豆を挽くために

ミルやグラインダーを使う目的は、鮮度の高い状態で飲むためだけではありません。任意の粒度に豆を粉砕するという、重要な役割があります。細挽きと荒挽きでは、コーヒーの濃さや味の出方ががらりと変わります。これは挽いた豆の粒度と湯温の関係で、液体に抽出されるコーヒーの成分バランスが変化するからです。粉が細かく湯温が高いほど、濃く重い味わいになり、粉が荒く湯温が低いほど薄く抽出不足になります。
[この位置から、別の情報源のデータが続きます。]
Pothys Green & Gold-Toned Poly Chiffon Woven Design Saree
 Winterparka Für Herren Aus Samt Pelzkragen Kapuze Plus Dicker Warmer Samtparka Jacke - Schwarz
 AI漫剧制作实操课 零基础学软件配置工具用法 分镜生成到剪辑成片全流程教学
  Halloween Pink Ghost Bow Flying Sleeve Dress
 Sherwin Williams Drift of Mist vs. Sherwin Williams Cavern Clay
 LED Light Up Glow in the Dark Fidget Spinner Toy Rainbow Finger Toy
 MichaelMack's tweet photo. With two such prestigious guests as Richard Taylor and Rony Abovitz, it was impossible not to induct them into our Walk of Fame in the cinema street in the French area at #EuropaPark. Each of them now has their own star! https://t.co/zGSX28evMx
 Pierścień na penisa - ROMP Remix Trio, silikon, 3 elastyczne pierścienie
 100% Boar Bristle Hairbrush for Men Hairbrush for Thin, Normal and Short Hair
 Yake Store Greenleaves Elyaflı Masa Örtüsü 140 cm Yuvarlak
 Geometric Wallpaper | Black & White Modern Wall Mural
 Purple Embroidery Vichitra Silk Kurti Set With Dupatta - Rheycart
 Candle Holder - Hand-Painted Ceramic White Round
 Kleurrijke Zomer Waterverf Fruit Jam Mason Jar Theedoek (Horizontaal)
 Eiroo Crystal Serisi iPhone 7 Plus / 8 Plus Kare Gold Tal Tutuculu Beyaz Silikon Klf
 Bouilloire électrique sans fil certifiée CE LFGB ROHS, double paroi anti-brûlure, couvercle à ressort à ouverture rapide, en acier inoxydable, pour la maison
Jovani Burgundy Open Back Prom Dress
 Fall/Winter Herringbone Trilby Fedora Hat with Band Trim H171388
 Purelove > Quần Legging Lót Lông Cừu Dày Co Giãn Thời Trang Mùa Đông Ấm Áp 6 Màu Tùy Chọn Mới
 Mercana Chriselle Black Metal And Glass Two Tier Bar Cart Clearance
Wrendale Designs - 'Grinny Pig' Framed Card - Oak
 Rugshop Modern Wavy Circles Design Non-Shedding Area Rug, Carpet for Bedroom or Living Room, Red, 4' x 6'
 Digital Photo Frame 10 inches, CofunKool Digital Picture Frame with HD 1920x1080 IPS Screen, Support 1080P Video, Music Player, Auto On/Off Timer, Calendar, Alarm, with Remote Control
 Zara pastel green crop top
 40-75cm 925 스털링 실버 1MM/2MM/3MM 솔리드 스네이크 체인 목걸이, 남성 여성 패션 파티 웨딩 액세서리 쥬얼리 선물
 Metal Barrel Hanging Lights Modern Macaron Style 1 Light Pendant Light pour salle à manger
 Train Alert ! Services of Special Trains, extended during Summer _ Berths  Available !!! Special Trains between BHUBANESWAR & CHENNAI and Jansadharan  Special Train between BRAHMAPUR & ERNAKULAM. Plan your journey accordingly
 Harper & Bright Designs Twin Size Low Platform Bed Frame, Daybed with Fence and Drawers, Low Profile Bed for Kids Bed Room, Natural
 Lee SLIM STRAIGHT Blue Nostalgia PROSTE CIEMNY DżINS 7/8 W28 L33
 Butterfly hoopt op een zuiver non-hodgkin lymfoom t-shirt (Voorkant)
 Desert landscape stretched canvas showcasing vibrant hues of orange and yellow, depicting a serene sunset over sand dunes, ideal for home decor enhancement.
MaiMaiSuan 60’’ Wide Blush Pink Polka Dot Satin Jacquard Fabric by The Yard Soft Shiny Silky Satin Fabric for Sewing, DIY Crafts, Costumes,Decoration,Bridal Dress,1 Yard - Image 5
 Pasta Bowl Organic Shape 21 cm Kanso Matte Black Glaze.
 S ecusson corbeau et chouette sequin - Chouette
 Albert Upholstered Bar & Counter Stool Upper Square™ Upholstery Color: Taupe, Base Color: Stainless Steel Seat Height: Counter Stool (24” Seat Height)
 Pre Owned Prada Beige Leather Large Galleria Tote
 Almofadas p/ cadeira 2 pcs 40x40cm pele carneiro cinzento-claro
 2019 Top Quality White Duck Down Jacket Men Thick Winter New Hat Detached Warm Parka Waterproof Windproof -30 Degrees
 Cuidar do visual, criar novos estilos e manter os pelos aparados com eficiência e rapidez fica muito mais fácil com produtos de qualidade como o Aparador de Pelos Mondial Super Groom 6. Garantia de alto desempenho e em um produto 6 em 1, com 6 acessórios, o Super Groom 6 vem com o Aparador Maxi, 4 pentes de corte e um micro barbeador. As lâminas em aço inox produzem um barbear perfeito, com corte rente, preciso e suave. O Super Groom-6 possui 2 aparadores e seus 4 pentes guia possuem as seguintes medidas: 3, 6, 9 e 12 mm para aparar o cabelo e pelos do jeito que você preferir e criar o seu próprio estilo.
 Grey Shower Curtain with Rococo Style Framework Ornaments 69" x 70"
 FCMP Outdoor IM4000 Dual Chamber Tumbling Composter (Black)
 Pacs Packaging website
理想的な抽出技術を身につければ、苦味・酸味・甘味・コクのバランスがとれた美味しいコーヒーをカップに落とせるでしょう。

やっかいな問題は、ミルやグラインダーが均一な粒度分布で粉砕できない点にあります。仮に中挽きにセットしても、粉砕された粉には荒挽きから細挽き、さらには微粉まで混ざるバラツキがあります。このうち微粉の量がどれだけあるかによって、コーヒーの味わいを大きく左右します。微粉は極端に細かいため、すべての成分が短時間で一気に出てしまい、いわゆるマイナス要素である「雑味」の原因になります。その上、ドリップやサイフォンではフィルタの目詰まりを招いて抽出過多になったり、フレンチプレスやエスプレッソでは金属フィルタを通過し、舌がざらつく不快な質感を及ぼします。まったく、困ったものです。

ミルやグラインダーの微粉量は、値段に反比例する傾向にあります。乱暴な言い方をすれば、価格の低いものは微粉の混入率が高く、高価なものは微粉が少ないです。最も微粉が少なく均一に粉砕できるのは、加工品工場や大手メーカーが使う工業用ロールグラインダーですが、いくら何でも家庭やオフィスではあり得ません。カフェで使われている業務用のフラットカッターかコニカルカッターが限界でしょう。これらを家庭向きに小型化した、ハイエンドモデルのフラットカッターかコニカルカッターが現実的な上限になると思います。といっても軽く20万円を越える価格です。ところが2,000円でお釣りがくる、歯が回転式のブレードグラインダーもあったりします。さあ、どうしたものでしょう。